If you’ve already done all the Library-hunting that @sternenwanderer outlined, there are a few different angles to check instead of just repeating the same Finder safari.

  1. Check if it’s actually a login item
    Some “still running” stuff is just set to start at login, not a leftover daemon.

    •  menu > System Settings > General > Login Items
    • Look in both:
      • “Open at Login”
      • “Allow in the Background”
    • Turn off anything with that app or vendor’s name.
  2. Verify what’s eating space, not just guessing
    Sometimes the app is gone, but its data lives somewhere else (Documents, Photos, cloud sync, etc.).

    •  menu > About This Mac > Storage > “Storage Settings…”
    • Click “Applications” to see if it’s still listed
    • Also check “Documents” and “Containers” sections for its name.
      If it’s not showing there, it might actually be gone and what you’re seeing is a cached name somewhere like Spotlight.
  3. Spotlight & Finder can lie a bit

    • In Finder, search the app name
    • Click the “+” button, set Kind to “Other…”, pick “System files”, set it to “are included”
    • If you only see aliases or old crash reports, those are safe to ignore and won’t keep it “running.”
  4. Reset launch services / file associations if it still shows up in menus
    Sometimes the app is removed but macOS still thinks it exists.

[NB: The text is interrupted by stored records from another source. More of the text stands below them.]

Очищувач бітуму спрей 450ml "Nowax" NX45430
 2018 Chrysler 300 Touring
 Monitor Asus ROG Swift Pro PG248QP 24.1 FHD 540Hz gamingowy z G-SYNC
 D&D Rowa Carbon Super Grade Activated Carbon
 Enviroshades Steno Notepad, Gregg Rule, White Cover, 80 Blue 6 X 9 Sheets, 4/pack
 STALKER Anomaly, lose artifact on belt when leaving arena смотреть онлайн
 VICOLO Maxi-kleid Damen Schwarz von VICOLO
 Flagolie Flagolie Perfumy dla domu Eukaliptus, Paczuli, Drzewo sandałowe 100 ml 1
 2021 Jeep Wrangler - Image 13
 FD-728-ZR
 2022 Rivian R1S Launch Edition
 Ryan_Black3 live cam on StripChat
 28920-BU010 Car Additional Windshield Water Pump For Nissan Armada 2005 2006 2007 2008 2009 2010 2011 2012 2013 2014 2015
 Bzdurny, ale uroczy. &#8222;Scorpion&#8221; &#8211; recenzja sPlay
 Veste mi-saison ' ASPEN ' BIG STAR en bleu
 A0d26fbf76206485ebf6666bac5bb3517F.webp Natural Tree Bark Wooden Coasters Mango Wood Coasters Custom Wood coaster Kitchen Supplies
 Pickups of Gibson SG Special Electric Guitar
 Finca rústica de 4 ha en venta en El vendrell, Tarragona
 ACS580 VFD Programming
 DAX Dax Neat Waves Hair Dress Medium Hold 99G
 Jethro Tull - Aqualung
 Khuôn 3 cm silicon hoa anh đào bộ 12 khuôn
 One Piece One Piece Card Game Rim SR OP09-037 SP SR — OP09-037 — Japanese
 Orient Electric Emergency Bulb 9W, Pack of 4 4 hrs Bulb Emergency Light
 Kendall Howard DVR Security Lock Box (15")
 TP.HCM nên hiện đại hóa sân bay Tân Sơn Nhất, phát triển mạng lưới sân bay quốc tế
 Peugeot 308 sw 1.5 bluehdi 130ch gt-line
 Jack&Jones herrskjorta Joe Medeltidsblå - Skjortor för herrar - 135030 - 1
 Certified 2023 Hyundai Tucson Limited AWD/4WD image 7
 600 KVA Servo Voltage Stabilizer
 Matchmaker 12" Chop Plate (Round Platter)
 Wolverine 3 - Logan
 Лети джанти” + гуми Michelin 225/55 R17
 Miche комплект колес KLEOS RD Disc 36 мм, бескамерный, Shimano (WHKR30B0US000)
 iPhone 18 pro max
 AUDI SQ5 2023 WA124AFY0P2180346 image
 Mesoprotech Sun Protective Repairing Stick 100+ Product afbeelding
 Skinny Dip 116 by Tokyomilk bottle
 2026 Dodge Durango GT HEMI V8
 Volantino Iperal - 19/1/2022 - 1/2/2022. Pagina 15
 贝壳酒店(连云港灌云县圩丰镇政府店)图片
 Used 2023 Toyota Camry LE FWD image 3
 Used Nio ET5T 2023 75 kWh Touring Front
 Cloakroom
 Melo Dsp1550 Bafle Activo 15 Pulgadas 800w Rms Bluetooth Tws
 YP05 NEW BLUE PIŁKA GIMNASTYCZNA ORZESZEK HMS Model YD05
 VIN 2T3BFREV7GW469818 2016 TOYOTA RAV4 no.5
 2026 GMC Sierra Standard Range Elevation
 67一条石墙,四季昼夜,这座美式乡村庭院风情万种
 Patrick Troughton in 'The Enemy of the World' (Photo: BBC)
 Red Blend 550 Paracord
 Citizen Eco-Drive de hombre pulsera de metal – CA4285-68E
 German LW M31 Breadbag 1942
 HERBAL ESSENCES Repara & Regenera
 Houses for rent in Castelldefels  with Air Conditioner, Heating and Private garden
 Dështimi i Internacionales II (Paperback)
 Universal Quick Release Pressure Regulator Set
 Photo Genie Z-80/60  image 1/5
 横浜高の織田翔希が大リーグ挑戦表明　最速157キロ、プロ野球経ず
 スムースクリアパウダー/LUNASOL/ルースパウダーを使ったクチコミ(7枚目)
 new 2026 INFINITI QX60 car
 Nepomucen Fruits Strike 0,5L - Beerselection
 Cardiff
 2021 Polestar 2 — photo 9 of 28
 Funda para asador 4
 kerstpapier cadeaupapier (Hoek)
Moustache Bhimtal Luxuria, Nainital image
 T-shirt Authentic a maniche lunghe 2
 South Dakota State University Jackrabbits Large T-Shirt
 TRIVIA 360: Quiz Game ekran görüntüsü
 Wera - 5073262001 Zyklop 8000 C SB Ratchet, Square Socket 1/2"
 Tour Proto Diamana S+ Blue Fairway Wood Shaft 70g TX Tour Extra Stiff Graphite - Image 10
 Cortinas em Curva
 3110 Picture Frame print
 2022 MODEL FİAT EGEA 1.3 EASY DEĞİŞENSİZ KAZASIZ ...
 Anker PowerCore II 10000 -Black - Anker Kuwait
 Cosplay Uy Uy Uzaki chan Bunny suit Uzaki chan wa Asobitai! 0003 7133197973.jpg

To clean that up without hand-editing plists:

    • Install and run OnyX or Maintenance (same dev, free)
    • Use it only to rebuild Launch Services / cleanup “Misc” caches
      That can remove the ghost entries from “Open With” and some context menus.
      Slight disagreement with the “just blow away every plist with the app name” approach: I’ve seen people nuke shared vendor plists that other apps still use. Tools that target Launch Services specifically are safer than randomly deleting everything that “looks related.”
  5. Check if it’s actually a browser extension or plugin
    Some apps are mostly a helper plus an extension. Even if the app bundle is gone, the extension can keep showing up.

    • In Safari: Settings > Extensions
    • In Chrome: chrome://extensions
    • In Firefox: Add-ons and themes > Extensions
      Remove anything matching that app or publisher.
  6. Container & group data from sandboxed apps
    For App Store apps, the real bulk is sometimes in group containers, not the obvious folders:

    • Go to: ~/Library/Group Containers
    • Sort by size
    • Look for groups with the app or vendor name.
      If one of them is huge, that’s likely where your “missing” space is.
  7. Confirm nothing’s actually running
    Instead of just visually scanning Activity Monitor, filter properly:

    • Activity Monitor > View > All Processes
    • Use the search box: type the app name AND the vendor’s name, one by one
    • If nothing shows with either, it’s not active.
      A lot of people think “it’s still running” because of a leftover menu bar icon or a phantom context entry, which is just a different component the app installed in the past.
  8. If it came with an uninstaller, use that
    For things like Adobe, antivirus, VPNs, drivers, etc., the built-in uninstaller is often the only sane way:

    • Look in /Applications/AppName for “Uninstall …”
    • Or check /Applications/Utilities
    • Some put it in the disk image you originally installed from.
      Dragging those to Trash first, then trying to rip them out manually, can actually make cleanup worse.
  9. As a sanity check

    • Reboot
    • Check Activity Monitor and Login Items again
    • Re-scan in “Storage Settings…” to see if size changed.

If you post what app it is and whether it’s from the App Store, a direct download, or some suite installer, the removal steps can be narrowed way down. Some apps are polite, some behave like malware-lite and need specific handling.